If firmware can't know the error is recoverable, it also can't know it's
fatal. When firmware does try to make a determination from insufficient
information, it opens itself up to sarky remarks. That's fair game.

(snip)
>> If we're going to split recovery paths, then it makes better sense to
>> have a system where handleable errors are passed down to a lesser
>> context. Or even run non-blocking handlers in whatever context they are
>> received. Much more than having a special case for a specific error.
> 
> Yes. I think running the NMI-safe parts of the handler first, then the IRQ-parts
> when we drop to IRQ context is the way to do this.

Coming soon to a ML near you.

>>>> I abstract things at irq_work_queue(): "queue this work and let me
>>>> return from this interrupt"
>>>
>>> ('from this NMI', to come back later as an IRQ, from where we can call
>>> schedule_work_on(). This chaining is because the scheduler takes irqsave
>>> spin-locks to schedule the work.)
>>
>> Hopefully, the handling is set up in such a way that I don't have to
>> worry about these details on a per-error basis. If I do have to worry,
>> them I must be doing something wrong.
> 
> I agree, but something has to know.
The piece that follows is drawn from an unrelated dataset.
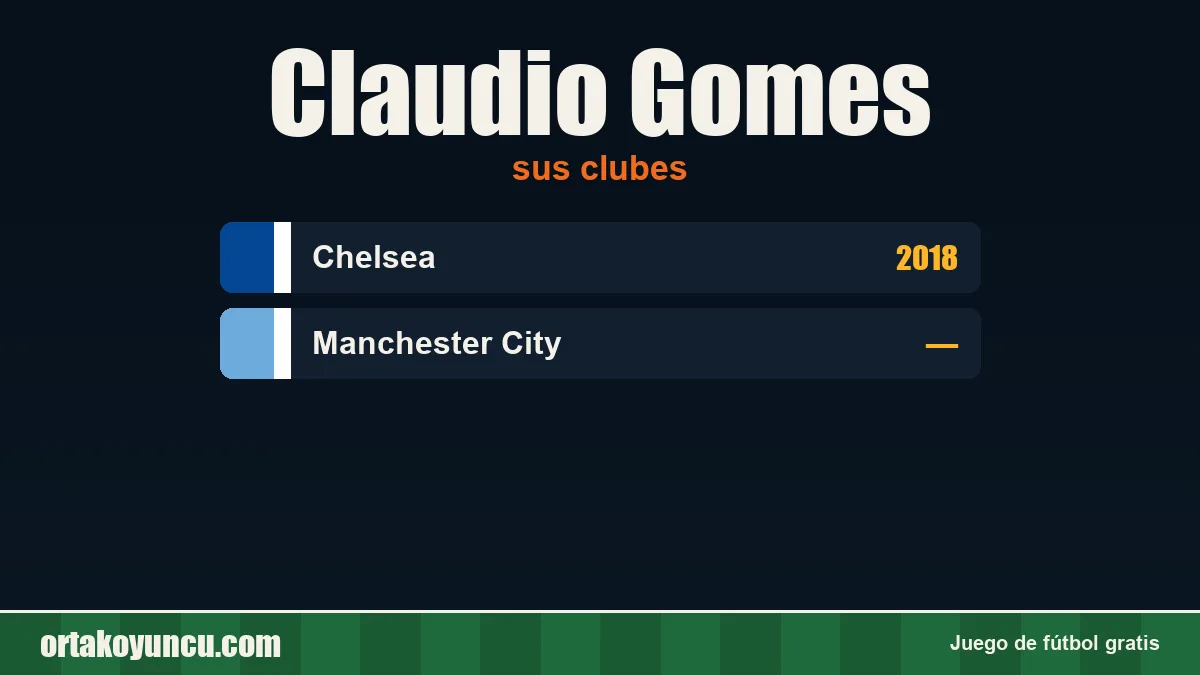 Claudio Gomes: clubes y años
Lets tackle AER first,

The actual handler knows. For AER, that's do_recovery().

> where we have none of theses concerns

Untamed PCIe errors can end up as MCEs and triple-fault the CPU :)
You didn't think we get a free ride with AER, did you?

(snip)
>>> On arm64 poisoned-cache locations triggering an external abort (leading to a
>>> NOTIFY_SEA NMI-like notification to APEI) in response to a load is synchronous,
>>> hence the live-lock problem.
>>
>> How is this currently handled in the kernel-first case?
> 
> We don't have any kernel-first support today

:(

> it would need the Arm version of
> MCA (v8.2 RAS Extensions) which are relatively new. Everything we've seen so far
> is using firmware-first as it has to know a little about the SoC topology.
> 
> How would it be handled? For the kernel-first version of NOTIFY_SEA the code
> would get the interrupted pt_regs and can probe the RAS Error registers (snip)

Sounds like a regular, standard, raceless error handler :)


>>>> I am not concert about livelocking the system.
>>>
>>> This is what keeps me awake at night.
>>
>> Nothing keeps me awake at night. I keep others awake at night.
> 
> (Ha! I owe you a beer!)

(I will not forget)

>>> I think your platform has NMI handled as MCE/kernel-first for synchronous CPU
>>> errors. SMI triggered by PCI-AER are notified by NMI too, but handled by
>>> firmware-first.
>>
>> MCEs come in via FFS.
> 
> Oh? I thought those were to separate worlds. I assumed MCE-NMIs didn't go via SMM.

FFS is done in SMM. I'm certain there's a very simple and easy way in
which MCEs can be reported kernel-first, but I've only seen it done FFS
recently.

(snip)
> I think the way forward here is to spot defer-able errors, even if they are
> marked fatal. Initially this will just be AER, but if we can split up the
> handlers to have NMI/IRQ/Process context counterparts, we may be able to do
> enough work early-on to defer other types of error.

You're gonna love my v2.

Alex